▸ Task requirements:
Write out the entries exactly, pictures excluded.

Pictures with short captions
· · · · · · ·
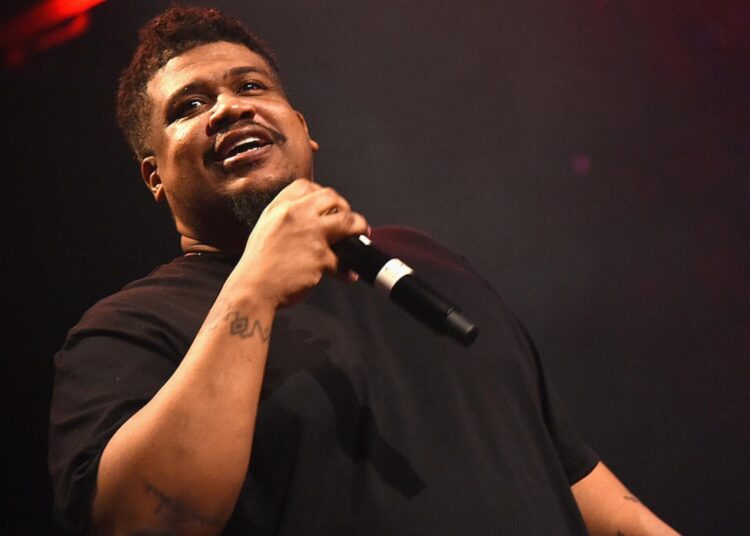 Doliu în lumea muzicii! Îndrăgitul rapper a murit la numai 54 de ani!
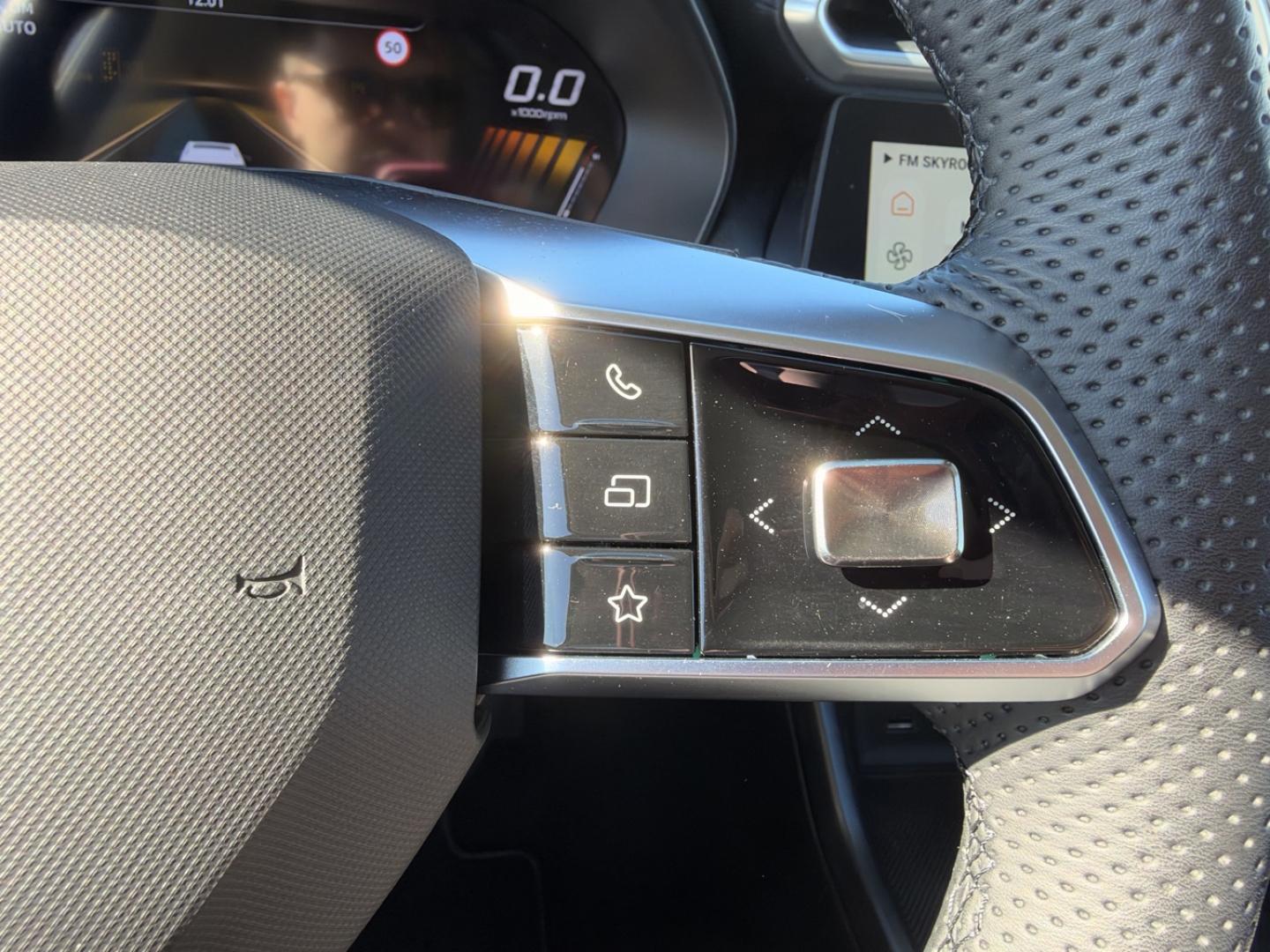 Image MG MOTOR ZS 1.5 Hybrid+ 197ch Luxury
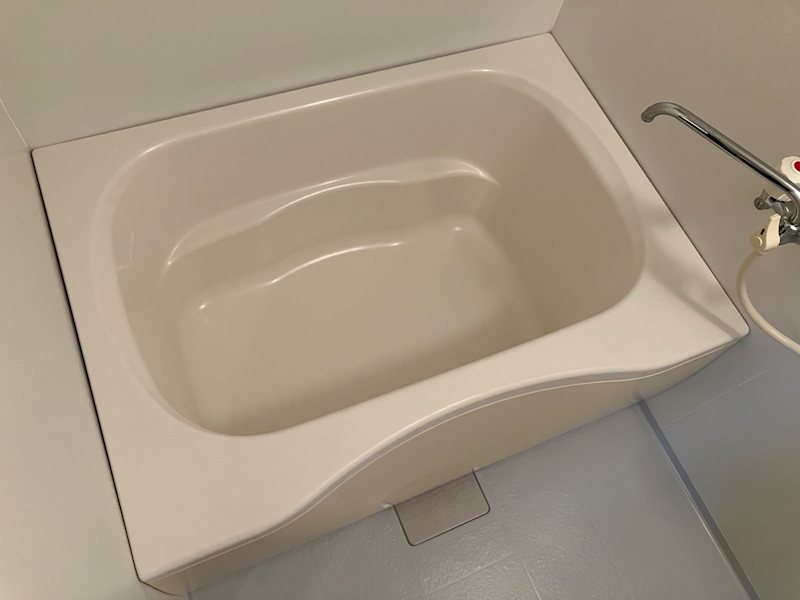 ｾﾚｯｿ八木 風呂画像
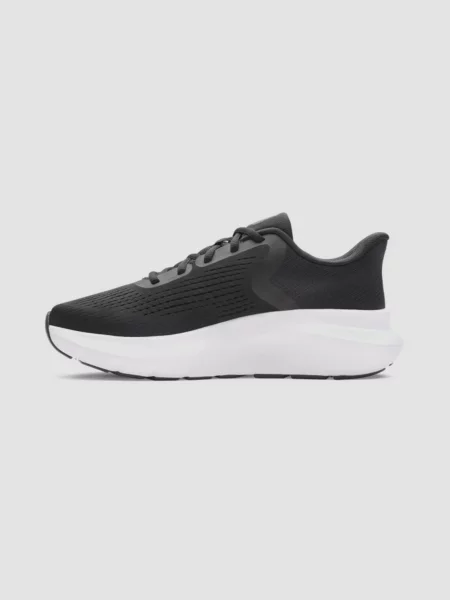 Кроссовки для бега Under Armour для бега черные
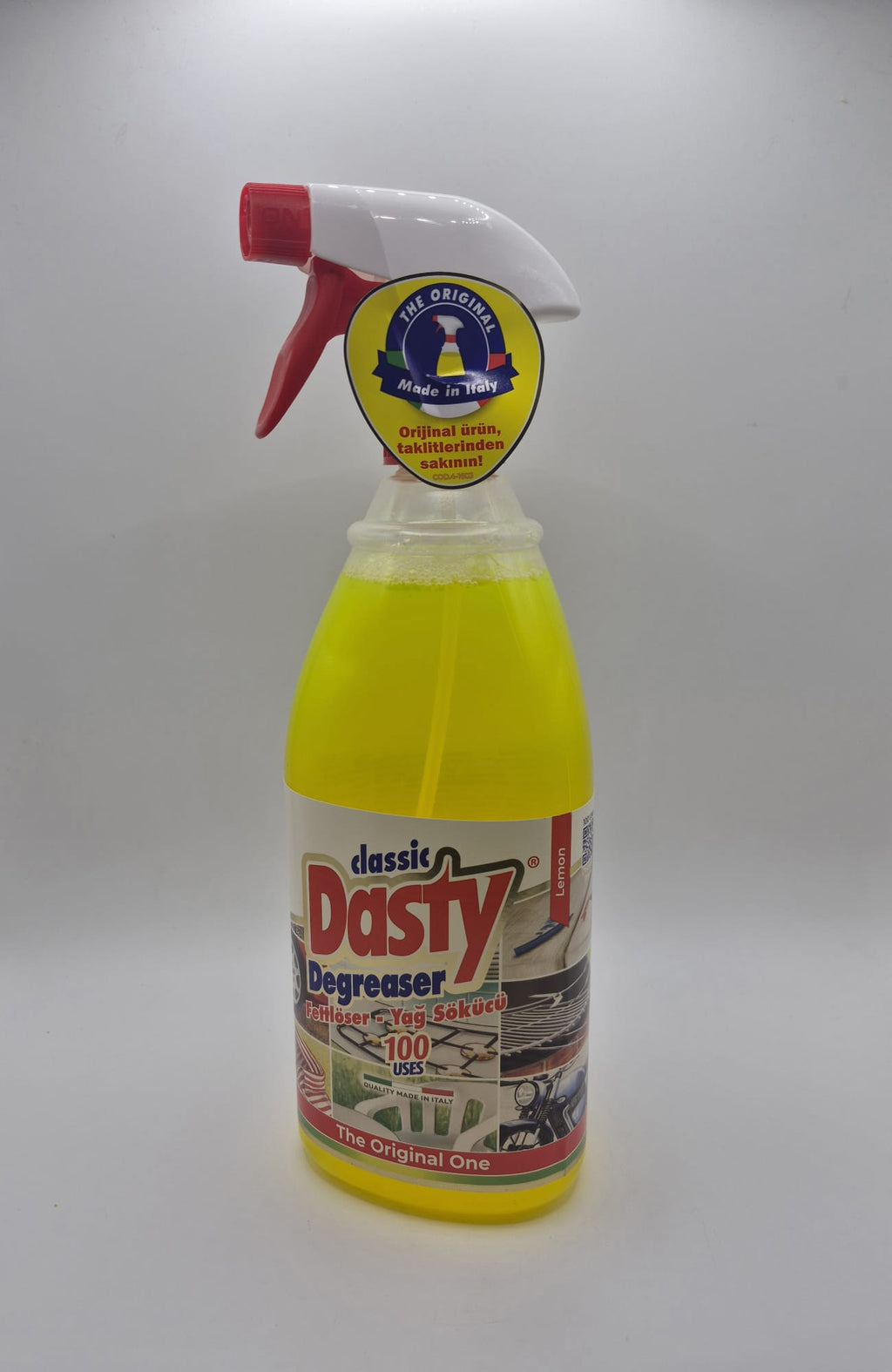 Dasty Dégraissant Multi-Surface 1L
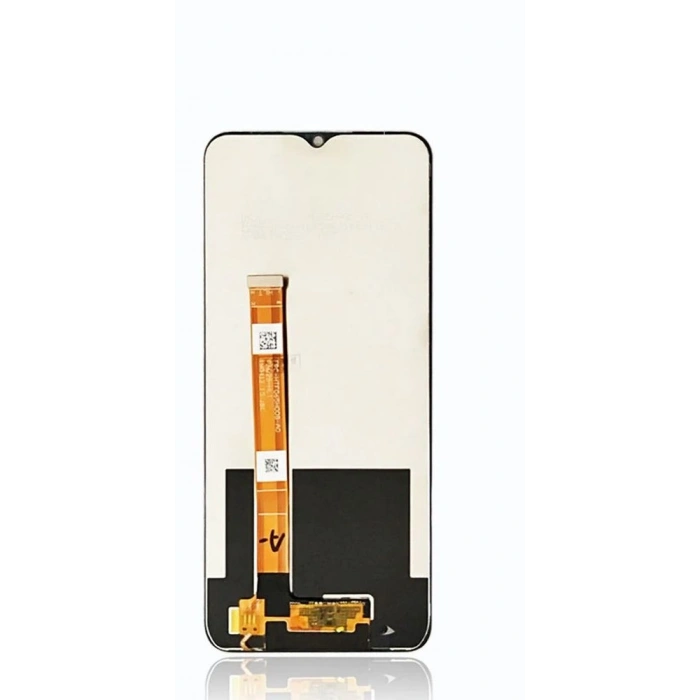 Oppo A31 Ekran Dokunmatik Cam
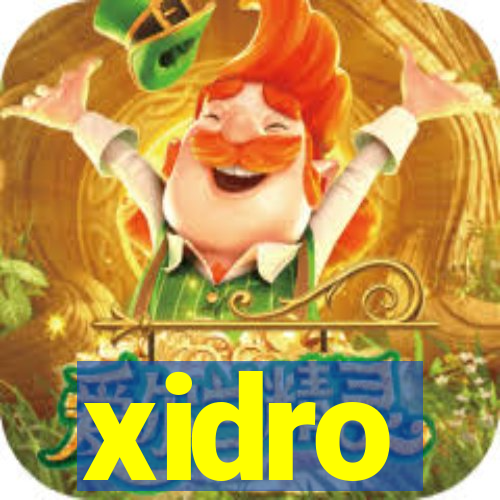 xidro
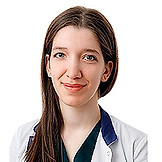 Аджиева Асият Артуровна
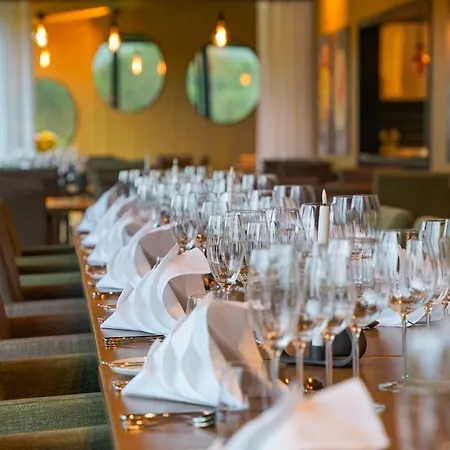 Resort Sorrisniva Arctic Wilderness 3*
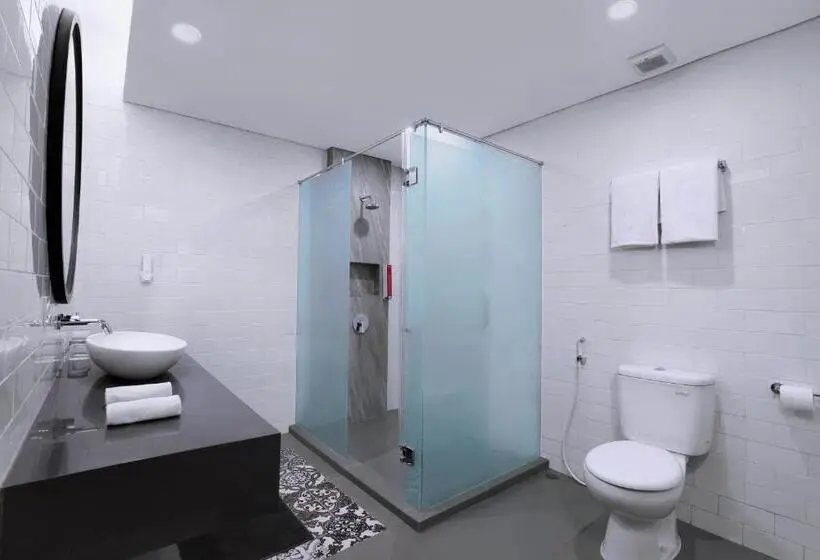 سوییت جونیور, Favehotel Ketapang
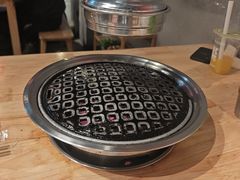 -霸腹烤肉(厦门柚子番店)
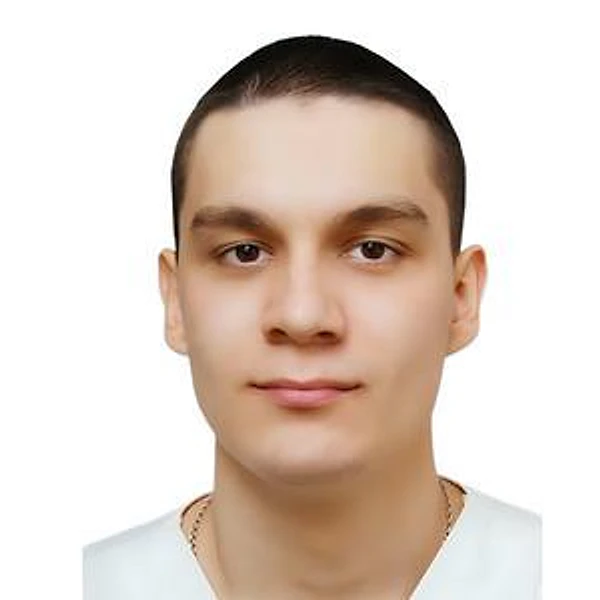Хоменок Никита Евгеньевич — Стоматолог, Стоматолог-ортопед, Иркутск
· · · · · · ·
▸ Response:
 Doliu în lumea muzicii! Îndrăgitul rapper a murit la numai 54 de ani!
 Image MG MOTOR ZS 1.5 Hybrid+ 197ch Luxury
 ｾﾚｯｿ八木 風呂画像
 Кроссовки для бега Under Armour для бега черные
 Dasty Dégraissant Multi-Surface 1L
 Oppo A31 Ekran Dokunmatik Cam
 xidro
 Аджиева Асият Артуровна
 Resort Sorrisniva Arctic Wilderness 3*
 سوییت جونیور, Favehotel Ketapang
 -霸腹烤肉(厦门柚子番店)
Хоменок Никита Евгеньевич — Стоматолог, Стоматолог-ортопед, Иркутск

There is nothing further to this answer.